ACTIVITY => Whatever the records contain, reproduce all of them exactly.

===== EXTRACTED DATA =====

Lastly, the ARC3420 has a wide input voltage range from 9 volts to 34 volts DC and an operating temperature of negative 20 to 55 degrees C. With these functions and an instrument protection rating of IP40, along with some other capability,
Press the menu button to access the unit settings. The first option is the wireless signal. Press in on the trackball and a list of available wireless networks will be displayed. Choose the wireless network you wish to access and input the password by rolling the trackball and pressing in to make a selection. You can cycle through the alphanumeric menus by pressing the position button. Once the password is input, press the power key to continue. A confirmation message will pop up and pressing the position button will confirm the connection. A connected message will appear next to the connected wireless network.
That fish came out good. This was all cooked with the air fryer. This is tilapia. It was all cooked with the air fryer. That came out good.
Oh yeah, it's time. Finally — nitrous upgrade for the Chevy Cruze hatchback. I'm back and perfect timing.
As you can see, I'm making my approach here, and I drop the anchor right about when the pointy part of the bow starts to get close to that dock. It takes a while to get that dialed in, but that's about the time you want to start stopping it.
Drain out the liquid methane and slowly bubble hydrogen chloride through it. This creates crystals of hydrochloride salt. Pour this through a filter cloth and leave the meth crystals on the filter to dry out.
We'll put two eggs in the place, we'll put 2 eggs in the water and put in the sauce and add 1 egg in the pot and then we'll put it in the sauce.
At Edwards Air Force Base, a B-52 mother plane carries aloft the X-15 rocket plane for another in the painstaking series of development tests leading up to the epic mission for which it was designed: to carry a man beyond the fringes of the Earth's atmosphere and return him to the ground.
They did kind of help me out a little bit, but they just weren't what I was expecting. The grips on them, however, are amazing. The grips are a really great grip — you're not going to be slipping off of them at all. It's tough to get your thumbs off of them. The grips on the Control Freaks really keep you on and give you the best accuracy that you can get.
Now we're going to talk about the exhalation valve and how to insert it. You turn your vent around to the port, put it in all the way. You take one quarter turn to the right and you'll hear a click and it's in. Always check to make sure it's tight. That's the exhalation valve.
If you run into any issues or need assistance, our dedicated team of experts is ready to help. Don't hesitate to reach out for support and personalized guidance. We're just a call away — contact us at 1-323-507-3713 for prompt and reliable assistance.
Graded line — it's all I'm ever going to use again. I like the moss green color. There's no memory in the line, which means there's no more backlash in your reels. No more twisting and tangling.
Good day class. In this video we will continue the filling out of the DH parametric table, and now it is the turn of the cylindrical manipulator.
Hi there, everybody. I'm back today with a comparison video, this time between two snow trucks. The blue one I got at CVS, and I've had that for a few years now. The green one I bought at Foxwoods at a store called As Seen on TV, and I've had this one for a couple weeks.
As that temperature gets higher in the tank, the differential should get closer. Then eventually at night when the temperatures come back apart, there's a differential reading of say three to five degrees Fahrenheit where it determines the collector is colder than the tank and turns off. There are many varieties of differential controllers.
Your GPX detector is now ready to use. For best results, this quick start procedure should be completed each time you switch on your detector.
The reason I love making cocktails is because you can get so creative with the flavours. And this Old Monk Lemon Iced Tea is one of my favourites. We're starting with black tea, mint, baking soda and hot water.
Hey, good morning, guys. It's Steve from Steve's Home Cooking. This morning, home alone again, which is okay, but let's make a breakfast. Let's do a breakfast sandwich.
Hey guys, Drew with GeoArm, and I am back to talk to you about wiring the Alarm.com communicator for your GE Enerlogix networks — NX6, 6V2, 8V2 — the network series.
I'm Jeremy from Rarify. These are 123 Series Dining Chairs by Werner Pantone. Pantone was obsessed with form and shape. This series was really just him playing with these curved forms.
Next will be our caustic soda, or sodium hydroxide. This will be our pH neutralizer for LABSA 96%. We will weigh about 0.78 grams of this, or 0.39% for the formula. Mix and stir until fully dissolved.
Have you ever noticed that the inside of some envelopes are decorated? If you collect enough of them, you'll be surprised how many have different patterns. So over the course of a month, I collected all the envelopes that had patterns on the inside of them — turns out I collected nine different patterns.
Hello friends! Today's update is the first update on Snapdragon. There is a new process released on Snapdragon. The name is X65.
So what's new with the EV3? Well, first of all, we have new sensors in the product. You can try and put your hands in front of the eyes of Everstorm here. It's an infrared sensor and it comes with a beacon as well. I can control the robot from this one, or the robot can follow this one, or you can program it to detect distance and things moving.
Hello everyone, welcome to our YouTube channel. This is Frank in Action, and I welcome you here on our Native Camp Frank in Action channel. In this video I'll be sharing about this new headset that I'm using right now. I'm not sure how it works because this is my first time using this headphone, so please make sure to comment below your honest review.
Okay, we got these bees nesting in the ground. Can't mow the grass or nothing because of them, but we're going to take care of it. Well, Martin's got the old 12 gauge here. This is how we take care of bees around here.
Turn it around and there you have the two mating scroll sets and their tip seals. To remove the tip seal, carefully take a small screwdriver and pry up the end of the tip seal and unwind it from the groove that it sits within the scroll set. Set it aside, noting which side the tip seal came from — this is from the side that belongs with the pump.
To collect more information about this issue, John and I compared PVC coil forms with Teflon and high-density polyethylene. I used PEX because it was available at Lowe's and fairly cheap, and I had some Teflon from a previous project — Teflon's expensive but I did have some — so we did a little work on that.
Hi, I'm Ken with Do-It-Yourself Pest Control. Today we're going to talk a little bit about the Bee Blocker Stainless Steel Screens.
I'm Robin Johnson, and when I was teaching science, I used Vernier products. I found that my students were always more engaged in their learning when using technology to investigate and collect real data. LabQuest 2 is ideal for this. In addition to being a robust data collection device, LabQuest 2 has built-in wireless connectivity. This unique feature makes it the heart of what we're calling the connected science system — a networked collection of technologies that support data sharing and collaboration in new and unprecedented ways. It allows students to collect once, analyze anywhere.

=====

FINISHED EXERCISE =>
Lastly, the ARC3420 has a wide input voltage range from 9 volts to 34 volts DC and an operating temperature of negative 20 to 55 degrees C. With these functions and an instrument protection rating of IP40, along with some other capability,
Press the menu button to access the unit settings. The first option is the wireless signal. Press in on the trackball and a list of available wireless networks will be displayed. Choose the wireless network you wish to access and input the password by rolling the trackball and pressing in to make a selection. You can cycle through the alphanumeric menus by pressing the position button. Once the password is input, press the power key to continue. A confirmation message will pop up and pressing the position button will confirm the connection. A connected message will appear next to the connected wireless network.
That fish came out good. This was all cooked with the air fryer. This is tilapia. It was all cooked with the air fryer. That came out good.
Oh yeah, it's time. Finally — nitrous upgrade for the Chevy Cruze hatchback. I'm back and perfect timing.
As you can see, I'm making my approach here, and I drop the anchor right about when the pointy part of the bow starts to get close to that dock. It takes a while to get that dialed in, but that's about the time you want to start stopping it.
Drain out the liquid methane and slowly bubble hydrogen chloride through it. This creates crystals of hydrochloride salt. Pour this through a filter cloth and leave the meth crystals on the filter to dry out.
We'll put two eggs in the place, we'll put 2 eggs in the water and put in the sauce and add 1 egg in the pot and then we'll put it in the sauce.
At Edwards Air Force Base, a B-52 mother plane carries aloft the X-15 rocket plane for another in the painstaking series of development tests leading up to the epic mission for which it was designed: to carry a man beyond the fringes of the Earth's atmosphere and return him to the ground.
They did kind of help me out a little bit, but they just weren't what I was expecting. The grips on them, however, are amazing. The grips are a really great grip — you're not going to be slipping off of them at all. It's tough to get your thumbs off of them. The grips on the Control Freaks really keep you on and give you the best accuracy that you can get.
Now we're going to talk about the exhalation valve and how to insert it. You turn your vent around to the port, put it in all the way. You take one quarter turn to the right and you'll hear a click and it's in. Always check to make sure it's tight. That's the exhalation valve.
If you run into any issues or need assistance, our dedicated team of experts is ready to help. Don't hesitate to reach out for support and personalized guidance. We're just a call away — contact us at 1-323-507-3713 for prompt and reliable assistance.
Graded line — it's all I'm ever going to use again. I like the moss green color. There's no memory in the line, which means there's no more backlash in your reels. No more twisting and tangling.
Good day class. In this video we will continue the filling out of the DH parametric table, and now it is the turn of the cylindrical manipulator.
Hi there, everybody. I'm back today with a comparison video, this time between two snow trucks. The blue one I got at CVS, and I've had that for a few years now. The green one I bought at Foxwoods at a store called As Seen on TV, and I've had this one for a couple weeks.
As that temperature gets higher in the tank, the differential should get closer. Then eventually at night when the temperatures come back apart, there's a differential reading of say three to five degrees Fahrenheit where it determines the collector is colder than the tank and turns off. There are many varieties of differential controllers.
Your GPX detector is now ready to use. For best results, this quick start procedure should be completed each time you switch on your detector.
The reason I love making cocktails is because you can get so creative with the flavours. And this Old Monk Lemon Iced Tea is one of my favourites. We're starting with black tea, mint, baking soda and hot water.
Hey, good morning, guys. It's Steve from Steve's Home Cooking. This morning, home alone again, which is okay, but let's make a breakfast. Let's do a breakfast sandwich.
Hey guys, Drew with GeoArm, and I am back to talk to you about wiring the Alarm.com communicator for your GE Enerlogix networks — NX6, 6V2, 8V2 — the network series.
I'm Jeremy from Rarify. These are 123 Series Dining Chairs by Werner Pantone. Pantone was obsessed with form and shape. This series was really just him playing with these curved forms.
Next will be our caustic soda, or sodium hydroxide. This will be our pH neutralizer for LABSA 96%. We will weigh about 0.78 grams of this, or 0.39% for the formula. Mix and stir until fully dissolved.
Have you ever noticed that the inside of some envelopes are decorated? If you collect enough of them, you'll be surprised how many have different patterns. So over the course of a month, I collected all the envelopes that had patterns on the inside of them — turns out I collected nine different patterns.
Hello friends! Today's update is the first update on Snapdragon. There is a new process released on Snapdragon. The name is X65.
So what's new with the EV3? Well, first of all, we have new sensors in the product. You can try and put your hands in front of the eyes of Everstorm here. It's an infrared sensor and it comes with a beacon as well. I can control the robot from this one, or the robot can follow this one, or you can program it to detect distance and things moving.
Hello everyone, welcome to our YouTube channel. This is Frank in Action, and I welcome you here on our Native Camp Frank in Action channel. In this video I'll be sharing about this new headset that I'm using right now. I'm not sure how it works because this is my first time using this headphone, so please make sure to comment below your honest review.
Okay, we got these bees nesting in the ground. Can't mow the grass or nothing because of them, but we're going to take care of it. Well, Martin's got the old 12 gauge here. This is how we take care of bees around here.
Turn it around and there you have the two mating scroll sets and their tip seals. To remove the tip seal, carefully take a small screwdriver and pry up the end of the tip seal and unwind it from the groove that it sits within the scroll set. Set it aside, noting which side the tip seal came from — this is from the side that belongs with the pump.
To collect more information about this issue, John and I compared PVC coil forms with Teflon and high-density polyethylene. I used PEX because it was available at Lowe's and fairly cheap, and I had some Teflon from a previous project — Teflon's expensive but I did have some — so we did a little work on that.
Hi, I'm Ken with Do-It-Yourself Pest Control. Today we're going to talk a little bit about the Bee Blocker Stainless Steel Screens.
I'm Robin Johnson, and when I was teaching science, I used Vernier products. I found that my students were always more engaged in their learning when using technology to investigate and collect real data. LabQuest 2 is ideal for this. In addition to being a robust data collection device, LabQuest 2 has built-in wireless connectivity. This unique feature makes it the heart of what we're calling the connected science system — a networked collection of technologies that support data sharing and collaboration in new and unprecedented ways. It allows students to collect once, analyze anywhere.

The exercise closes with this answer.